6. Congestion Charging
Foreign diplomats in London have racked up £108.6m in unpaid congestion charge fines REUTERS/Alessia Pierdomenico

Foreign diplomats in London have racked up £108.6m in unpaid congestion charge fines.

The US embassy alone racked up more than £300,000 in unpaid penalties this year, amounting to £11.9m in unpaid tickets since the charge was first introduced in 2003, said Transport for London (TfL).

US representatives owed the largest fines overall, but China's embassy topped the list for unpaid fines in 2017 after running up a bill of more than £447,000 in unpaid tickets.

Unpaid fines for all embassies in the capital is now well above the £100m-mark since the levy was introduced in a bid to cut traffic in central London 14 years ago.

The five largest overall offenders during this time are the US, Japan, Nigeria, Russia and India.

TfL said it plans to pursue legal action together with the UK's Foreign Office to take the matter to the International Court of Justice.

Paul Cowperthwaite, TfL's general manager for congestion charging, said: "We continue to pursue all unpaid congestion charge fees and related penalty charge notices."

But a number of large embassies refuse to pay the charge because they argue it is a tax that they are exempt from.

The US embassy said in a statement: "Our position on the tax established by Transport for London in 2003, more commonly known as the Congestion Charge, is based on the 1961 Vienna Convention on Diplomatic Relations, which expressly prohibits the taxation of diplomatic missions in this manner.
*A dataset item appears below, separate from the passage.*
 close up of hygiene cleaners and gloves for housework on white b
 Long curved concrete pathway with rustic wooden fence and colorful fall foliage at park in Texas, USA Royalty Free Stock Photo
"Our position is therefore wholly in accordance with that Convention, to which both the United States and the United Kingdom are parties, and it is a position shared by many other diplomatic missions in London."

But TfL's Cowperthwaite said: "We are clear that the Congestion Charge is a charge for a service and not a tax.

"This means that foreign diplomats are not exempt from paying it. We continue to pursue all unpaid Congestion Charge fees and related penalty charge notices."

A Foreign Office spokesman said earlier this year: "Our position is clear. There are no legal grounds to exempt diplomats from paying the London congestion charge. This is not a tax, and the majority of diplomatic missions in London recognise this and pay.

"We are committed to working with TfL to find a solution to the problem of non-payment by some missions."